The National Weather Service warned us. It issued a “Heat Advisory.” In our world, that meant we’d be victims of heat strokes, spontaneous combustion, or become human fountains, sweating excessively about the brow and armpits.

 


But like dedicated postal carriers, despite whatever Mother Nature dishes, we would go on our appointed rounds exploring on the path to truth and barbecue. Are we heroes? Perhaps. The best hikers ever? We chuckle at that distinction and humbly say, “We’re certainly in the top three, but let’s allow history to decide where we rank.” We won’t spike our hiking sticks before crossing the goal line. Why do we delusionally speak of such outrageous things? It’s got to be the heat.

 


Roy was running late on this muggy morning. His upstairs AC unit heard about the heat advisory and went kaput, leaking water over the drip pan. His upstairs bedroom ceiling became a waterfall befitting a National Park designation.



Roy did his best to contain the flooding by replicating Mickey Mouse in Fantasia with a mop bucket and determination. He said a new AC unit would be installed the next day, so he had the morning free to hike.

 


But since he’s especially prone to the dangers of heat, Roy keeps his upstairs thermostat at a cool 66 degrees year-round. It’s a miracle his upstairs AC unit provided twenty years of dependable service.

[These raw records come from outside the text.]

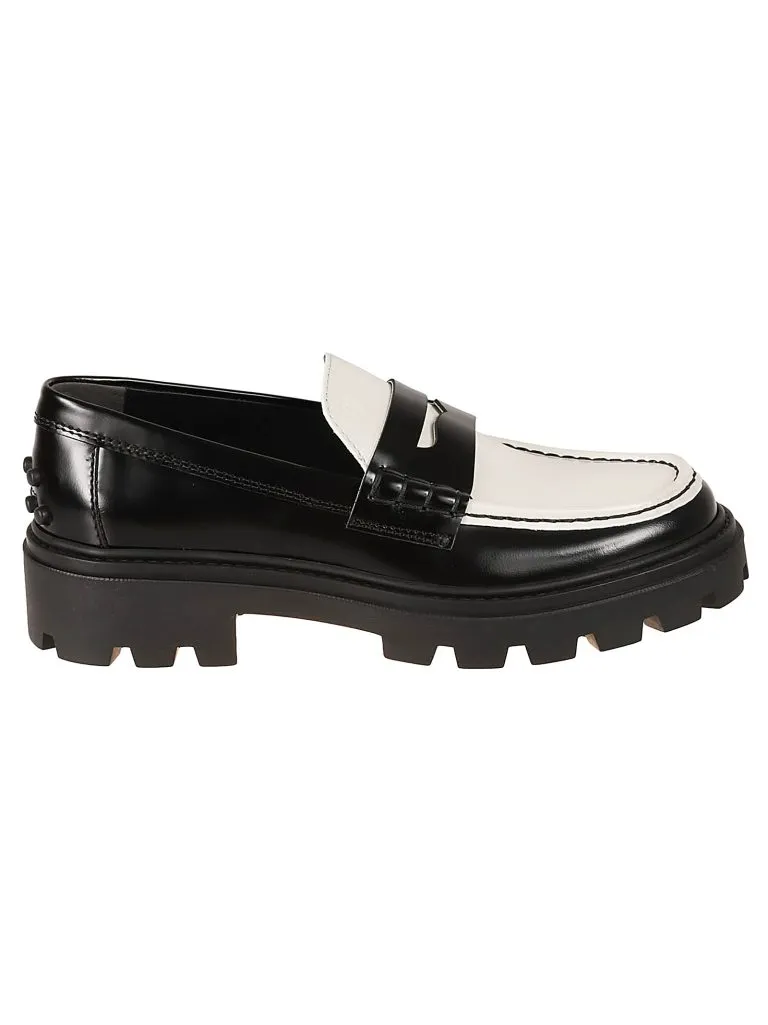 TOD'SGOMMA PESANTE 08J MOCASSINO Black/white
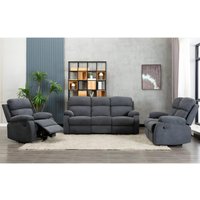 Relaxgarnitur 3+2+1 TOLZANO - Stoff - Anthrazit von Vente-unique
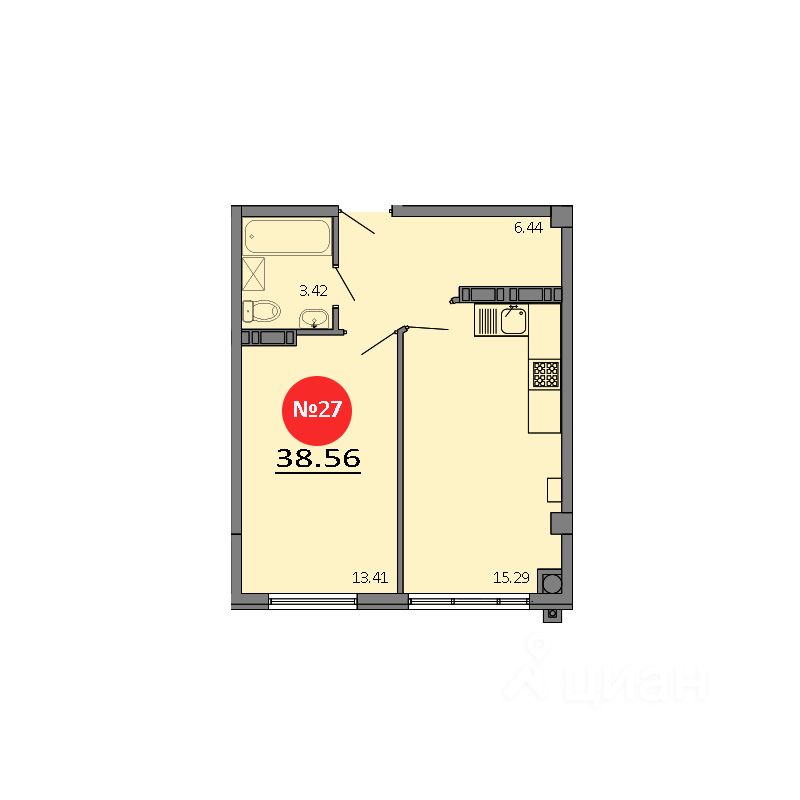 1-комн.кв., 38,6 м², 4/8 этаж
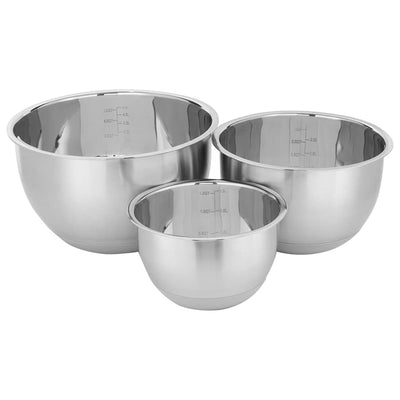 2 of 7:Home Basics 3 Piece Stainless Steel Nesting Mixing Bowls with Rubber Bottoms 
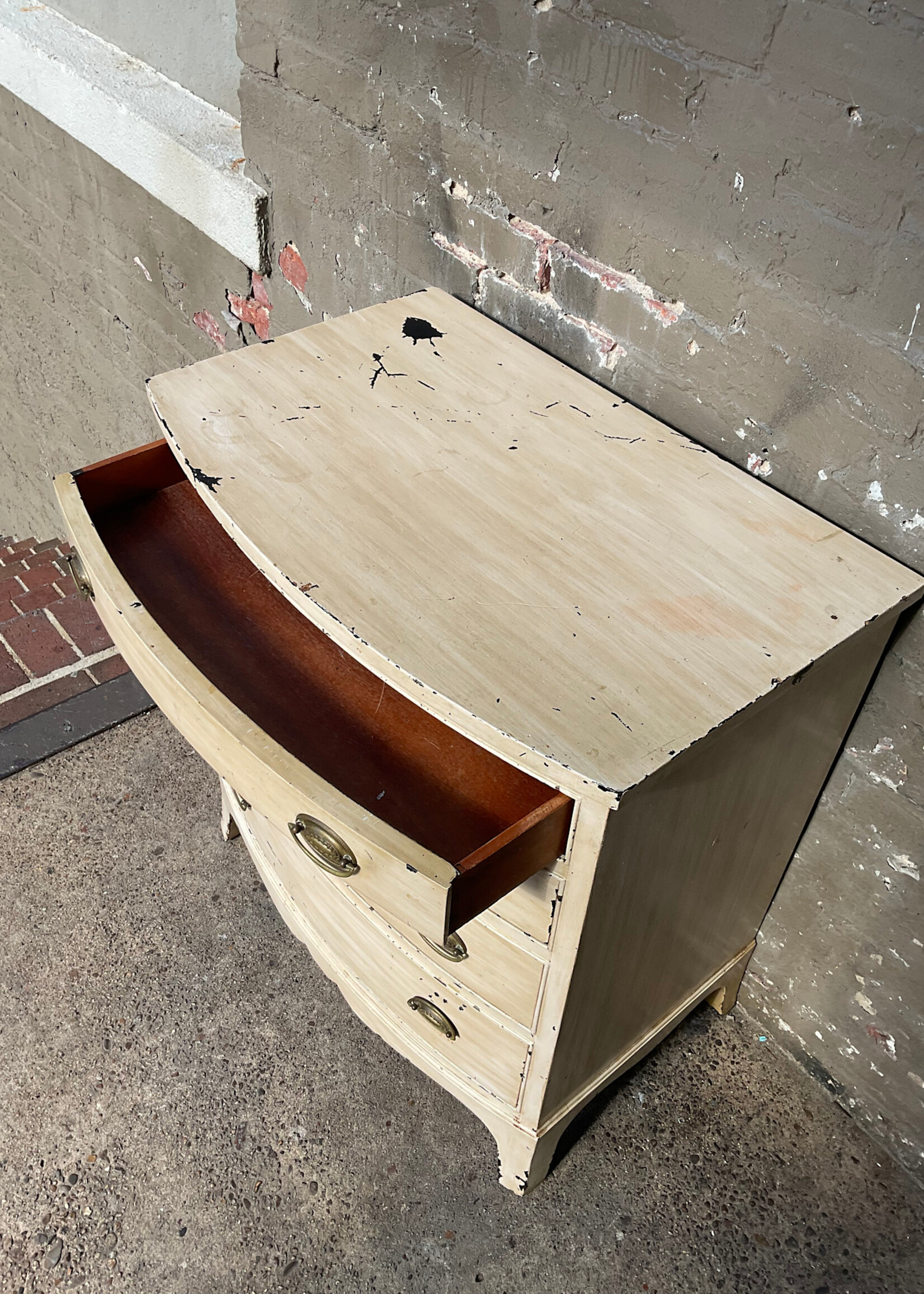 GOODWOOD Vintage Painted Bow Front Chest of Drawers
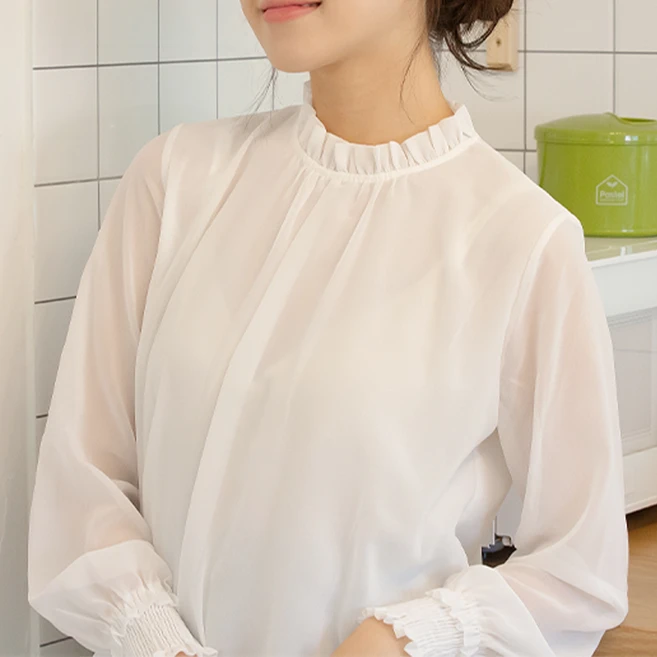 쉬폰 블라우스 긴팔 시스루 화이트 봄 여름 가을 겨울 사계절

Georgia Power saw the energy drain Roy made and built the Vogtle Electric Generating Plant to supply the juice necessary to keep his sweat at bay. Of course, they are billing him accordingly.

 


Roy and Patrick have pasty, virtually transparent skin that burns like rice paper in the sun. Yet these two rugged men rallied with Guy and Brad and hit the Charleston Park Trails, which we last hiked in late August 2023 (read about that gripping yarn here, where bad boy Guy led us into the forbidden “no trespassing” zone).

 


George is still in Paris, hobnobbing with the athletic elites at the Olympic Games. He shares pictures and dispatches as we read with envy and lace our boots before entering the gates of Georgia Hell in August. Our globetrotting friend assures us he will promote Hot Hiking as an Olympic sport in the future.

 


Steve was enjoying time with his wife, son, and girlfriend in the north Georgia mountains, where Mother Nature sets her thermostat at least 10 degrees cooler. Wait a second. We must run that sentence through the GrammerMaster Plus 2000™ to ensure that "girlfriend" refers to his son's girlfriend and doesn't create a marital issue for Steve.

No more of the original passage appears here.